Real Time – UK

real-time-300pxReal Time is one of the most established and successful participatory media organisations in the UK, with an international reputation for participatory video and creative media production. In 1997 we published a book on Participatory Video, a comprehensive guide to using video in group development work.

Used in a participatory way, video can be a powerful tool, which allows clients to examine the world around them, gain awareness of their situation and become more actively involved in decisions which affect their lives. Developed over more than 35 years in a wide range of settings, it involves group’s in communicating their own stories on video. In turn, this can build awareness about what prevents change happening, and what needs to be done.

Real Time specialises in participatory engagement and communication, using workshops, projects, training, production and screenings to make visual methods and creative digital technology available for everyone. One of Real Time’s key strengths is its experience to ensure that the complex messages that emerge from the experience of development can be effectively communicated, through visual media, to a wider audience, including key decision-makers.

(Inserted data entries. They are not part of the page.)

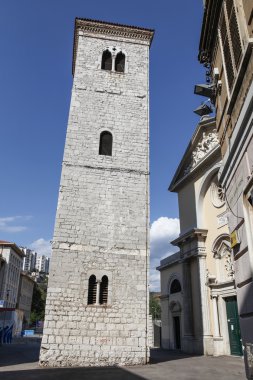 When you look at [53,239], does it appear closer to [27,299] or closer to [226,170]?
[226,170]

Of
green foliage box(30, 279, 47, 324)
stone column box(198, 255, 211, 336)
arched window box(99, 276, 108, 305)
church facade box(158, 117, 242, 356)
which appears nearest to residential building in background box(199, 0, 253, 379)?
arched window box(99, 276, 108, 305)

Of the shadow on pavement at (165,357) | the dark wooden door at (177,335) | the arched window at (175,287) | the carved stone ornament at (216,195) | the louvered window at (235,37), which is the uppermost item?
the carved stone ornament at (216,195)

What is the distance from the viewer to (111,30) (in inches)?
698

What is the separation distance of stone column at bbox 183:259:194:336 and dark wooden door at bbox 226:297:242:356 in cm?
250

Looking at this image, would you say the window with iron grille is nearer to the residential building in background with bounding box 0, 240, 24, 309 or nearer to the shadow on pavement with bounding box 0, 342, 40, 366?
the shadow on pavement with bounding box 0, 342, 40, 366

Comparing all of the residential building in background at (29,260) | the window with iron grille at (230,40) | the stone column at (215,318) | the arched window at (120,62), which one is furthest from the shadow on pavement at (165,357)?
the residential building in background at (29,260)

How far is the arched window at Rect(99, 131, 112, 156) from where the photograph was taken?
48.6 feet

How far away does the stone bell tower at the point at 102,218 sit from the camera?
11.6 m

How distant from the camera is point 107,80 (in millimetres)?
16312

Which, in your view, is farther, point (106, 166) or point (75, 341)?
point (106, 166)

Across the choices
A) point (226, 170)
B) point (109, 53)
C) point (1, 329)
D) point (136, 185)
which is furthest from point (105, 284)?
point (1, 329)

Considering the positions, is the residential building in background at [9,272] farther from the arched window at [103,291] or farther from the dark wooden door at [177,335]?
the arched window at [103,291]

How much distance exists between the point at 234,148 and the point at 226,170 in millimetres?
843

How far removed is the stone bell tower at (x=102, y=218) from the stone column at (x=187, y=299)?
635 cm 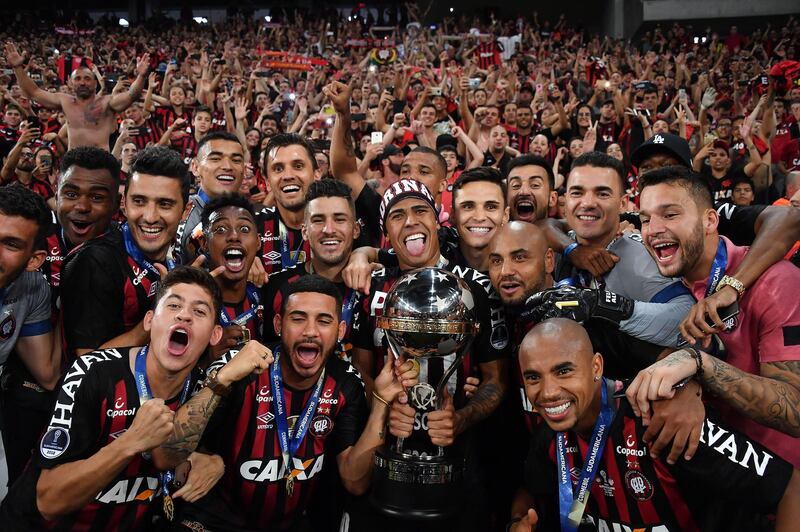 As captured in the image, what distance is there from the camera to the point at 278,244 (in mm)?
4445

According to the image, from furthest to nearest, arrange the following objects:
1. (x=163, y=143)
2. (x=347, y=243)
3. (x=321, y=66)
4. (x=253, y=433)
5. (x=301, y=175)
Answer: (x=321, y=66), (x=163, y=143), (x=301, y=175), (x=347, y=243), (x=253, y=433)

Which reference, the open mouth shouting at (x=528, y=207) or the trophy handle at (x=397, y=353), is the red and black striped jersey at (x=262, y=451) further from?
the open mouth shouting at (x=528, y=207)

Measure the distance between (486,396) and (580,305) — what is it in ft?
2.58

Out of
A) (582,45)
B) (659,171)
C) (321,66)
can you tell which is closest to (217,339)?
(659,171)

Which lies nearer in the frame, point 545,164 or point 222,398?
point 222,398

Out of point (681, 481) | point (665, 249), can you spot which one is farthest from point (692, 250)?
point (681, 481)

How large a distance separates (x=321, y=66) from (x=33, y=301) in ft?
43.8

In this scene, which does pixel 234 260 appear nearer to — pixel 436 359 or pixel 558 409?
pixel 436 359

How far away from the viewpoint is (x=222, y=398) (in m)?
2.92

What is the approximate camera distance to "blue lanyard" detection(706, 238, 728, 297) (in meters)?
2.80

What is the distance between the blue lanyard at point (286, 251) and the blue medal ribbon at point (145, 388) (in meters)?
1.45

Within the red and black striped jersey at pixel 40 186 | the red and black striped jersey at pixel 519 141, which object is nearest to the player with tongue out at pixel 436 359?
the red and black striped jersey at pixel 40 186

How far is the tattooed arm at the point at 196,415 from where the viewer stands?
273 cm

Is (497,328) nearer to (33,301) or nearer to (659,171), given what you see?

Real Time uses creative audiovisual story-telling methods to stimulate deeper exploration of reality. This opens space for all views, and enables seeing as well as hearing. Real Time has extensive experience in managing complex communication projects including many different stakeholders, communities and organisations often in an international context.

Current projects include work with young people, people recovering from mental ill health, older people and people with learning disabilities, asylum seekers and refugees.

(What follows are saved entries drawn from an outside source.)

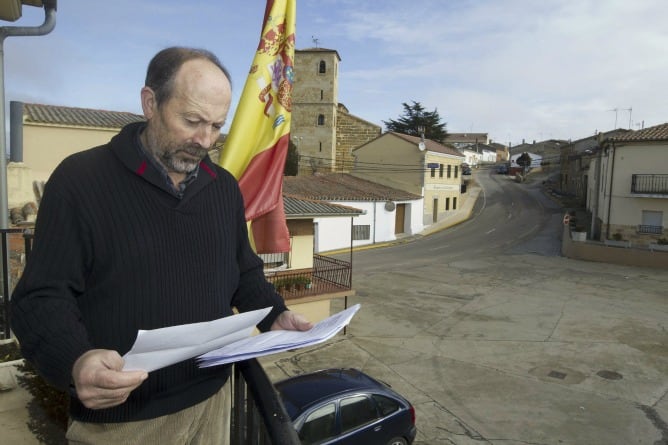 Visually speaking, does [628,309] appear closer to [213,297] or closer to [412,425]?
[412,425]

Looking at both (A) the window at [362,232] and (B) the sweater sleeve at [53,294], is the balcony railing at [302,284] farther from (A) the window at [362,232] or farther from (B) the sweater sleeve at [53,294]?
(A) the window at [362,232]

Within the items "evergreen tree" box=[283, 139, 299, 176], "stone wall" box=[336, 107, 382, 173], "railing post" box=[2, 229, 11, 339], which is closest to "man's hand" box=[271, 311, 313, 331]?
"railing post" box=[2, 229, 11, 339]

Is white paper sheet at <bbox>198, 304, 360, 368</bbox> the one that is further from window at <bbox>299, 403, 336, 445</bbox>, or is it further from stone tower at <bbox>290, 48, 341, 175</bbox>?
stone tower at <bbox>290, 48, 341, 175</bbox>

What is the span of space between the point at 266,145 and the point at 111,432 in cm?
357

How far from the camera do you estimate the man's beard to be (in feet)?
5.02

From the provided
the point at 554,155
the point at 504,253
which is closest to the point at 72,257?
the point at 504,253

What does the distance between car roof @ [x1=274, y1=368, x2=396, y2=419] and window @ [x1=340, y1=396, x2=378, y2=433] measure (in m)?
0.14

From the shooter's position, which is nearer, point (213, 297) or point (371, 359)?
point (213, 297)

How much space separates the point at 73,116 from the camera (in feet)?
47.8

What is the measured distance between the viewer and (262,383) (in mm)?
1494

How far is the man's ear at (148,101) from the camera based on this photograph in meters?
1.53

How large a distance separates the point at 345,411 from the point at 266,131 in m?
4.08

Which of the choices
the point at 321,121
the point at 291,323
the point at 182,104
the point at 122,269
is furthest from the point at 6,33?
the point at 321,121

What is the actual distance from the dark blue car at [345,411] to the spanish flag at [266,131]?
8.54 feet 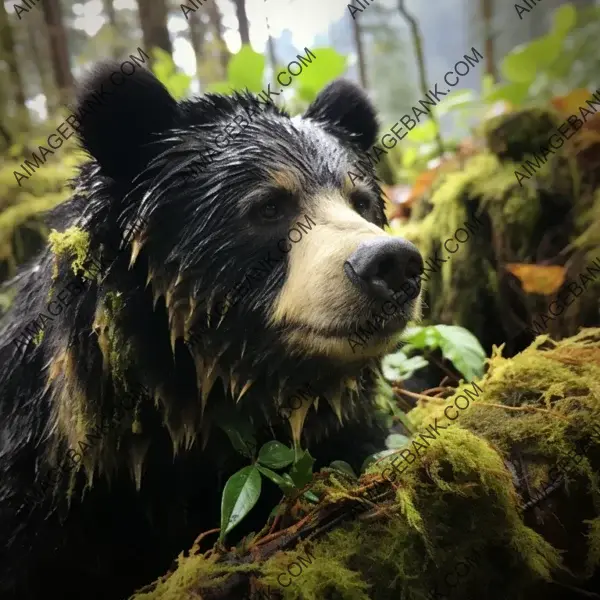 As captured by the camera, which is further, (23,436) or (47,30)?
(47,30)

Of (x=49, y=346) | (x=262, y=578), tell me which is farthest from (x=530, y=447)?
(x=49, y=346)

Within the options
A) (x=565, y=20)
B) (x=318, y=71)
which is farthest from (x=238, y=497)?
(x=565, y=20)

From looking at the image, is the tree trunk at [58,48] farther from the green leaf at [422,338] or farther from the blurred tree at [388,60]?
the green leaf at [422,338]

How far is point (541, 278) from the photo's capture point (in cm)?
306

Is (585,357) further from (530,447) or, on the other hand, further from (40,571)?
(40,571)

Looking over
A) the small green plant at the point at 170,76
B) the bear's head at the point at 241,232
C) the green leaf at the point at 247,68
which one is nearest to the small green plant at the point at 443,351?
the bear's head at the point at 241,232

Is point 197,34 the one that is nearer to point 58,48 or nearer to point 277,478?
point 58,48

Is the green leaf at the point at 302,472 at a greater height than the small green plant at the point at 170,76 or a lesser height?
lesser

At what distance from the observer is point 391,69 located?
325 inches

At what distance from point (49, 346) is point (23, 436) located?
12.7 inches

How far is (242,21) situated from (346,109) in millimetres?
2722

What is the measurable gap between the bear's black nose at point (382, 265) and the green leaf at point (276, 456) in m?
Result: 0.52

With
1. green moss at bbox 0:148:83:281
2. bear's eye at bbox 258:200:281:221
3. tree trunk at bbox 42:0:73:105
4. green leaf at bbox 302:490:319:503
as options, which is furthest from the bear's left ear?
tree trunk at bbox 42:0:73:105

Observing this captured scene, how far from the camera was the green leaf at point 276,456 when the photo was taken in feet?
5.51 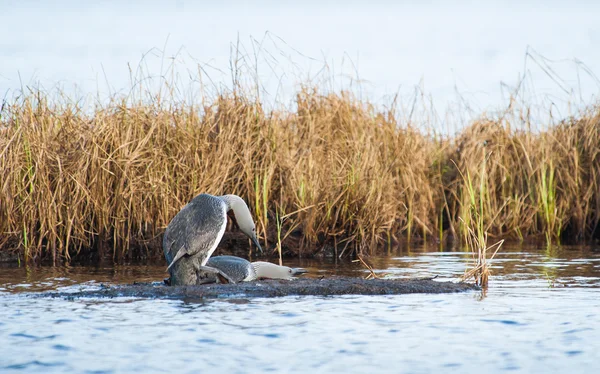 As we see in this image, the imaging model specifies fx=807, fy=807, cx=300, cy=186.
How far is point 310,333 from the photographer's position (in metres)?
4.61

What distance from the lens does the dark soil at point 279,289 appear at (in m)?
5.84

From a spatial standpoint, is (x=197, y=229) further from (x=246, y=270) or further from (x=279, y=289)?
(x=279, y=289)

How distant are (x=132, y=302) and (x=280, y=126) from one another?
4.94 meters

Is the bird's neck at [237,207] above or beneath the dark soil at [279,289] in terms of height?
above

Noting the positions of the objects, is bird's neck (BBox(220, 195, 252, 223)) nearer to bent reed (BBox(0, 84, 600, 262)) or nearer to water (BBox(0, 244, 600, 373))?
water (BBox(0, 244, 600, 373))

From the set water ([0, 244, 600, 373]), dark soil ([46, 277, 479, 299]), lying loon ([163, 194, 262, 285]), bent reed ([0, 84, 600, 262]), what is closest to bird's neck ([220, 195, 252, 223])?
lying loon ([163, 194, 262, 285])

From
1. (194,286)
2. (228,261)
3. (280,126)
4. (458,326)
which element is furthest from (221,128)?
(458,326)

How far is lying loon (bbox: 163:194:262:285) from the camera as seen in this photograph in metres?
6.16

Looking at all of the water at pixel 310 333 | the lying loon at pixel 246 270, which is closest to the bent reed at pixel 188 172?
the lying loon at pixel 246 270

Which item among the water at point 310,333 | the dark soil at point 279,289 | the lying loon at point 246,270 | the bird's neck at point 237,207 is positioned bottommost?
the water at point 310,333

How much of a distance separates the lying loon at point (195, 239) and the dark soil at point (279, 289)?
223mm

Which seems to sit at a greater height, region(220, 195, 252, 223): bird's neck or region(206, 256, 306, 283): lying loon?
region(220, 195, 252, 223): bird's neck

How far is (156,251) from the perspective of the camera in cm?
927

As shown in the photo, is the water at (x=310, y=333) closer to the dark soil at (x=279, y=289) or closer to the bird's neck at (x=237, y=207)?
the dark soil at (x=279, y=289) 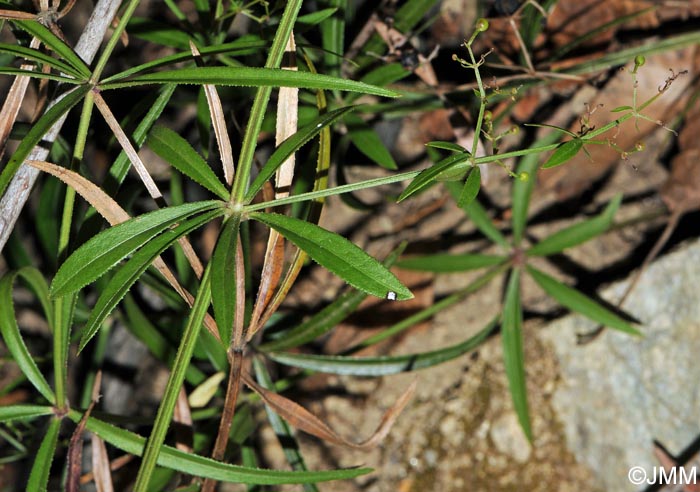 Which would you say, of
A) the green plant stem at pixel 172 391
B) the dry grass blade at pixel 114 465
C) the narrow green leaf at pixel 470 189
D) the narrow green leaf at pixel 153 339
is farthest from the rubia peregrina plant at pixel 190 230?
the narrow green leaf at pixel 153 339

Real Time’s co founder Dr Jackie Shaw’s PhD “Contextualising empowerment practice” Based on Real Time’s work outlines the way in which the approach benefits communities. “Participatory media as a facilitated empowerment process led to new social becoming by opening conducive social spaces, mediating interactions, catalysing group action and re-positioning participants”. She describes how Real time’s processes lead to new “becoming’s” that participants gains did not lie merely in representation of their existing identity but through doing (activities) they shifted the social equilibrium for participants.

Real Time’s participatory video is a tried and tested approach to unearthing novel insight. In turn, this can build awareness about what prevents change happening, and what needs to be done. However, collaborative storytelling offers further value.

All cultures use stories to make sense of their lives and forge a common bond. Stories provide shared understanding, which in turns influence how we think and behave. Organisations and communities can be restricted by external narratives.

Real Time uses videoing and playback exercises, as well as other creative storytelling methods to stimulate deeper exploration of reality. This opens space for all views, and enables seeing as well as hearing. Stepping back from experience and discussing the issues together means new stories can emerge that encompass both causes and better solutions.

Moreover, in authoring their own pathways forward, people are more likely to act to bring about change than when it seems imposed. Participatory visual (research) processes such as participatory video can be a way of building constructive relationships between a range of interest groups and purposeful collaboration. Real time opens dialogue between different interests.

Sustainable solutions come through working in partnership towards improvements – a process of small steps with successes and setbacks which require iterative and ongoing action and reflection.

Real Time has an ongoing programme of training workshops and projects. In 2017 Real Time worked with over 500 people on a variety of participatory video and visual methods projects including work with young people, people with mental health issues, people with disabilities, older people, the homeless and refugees and asylum seekers.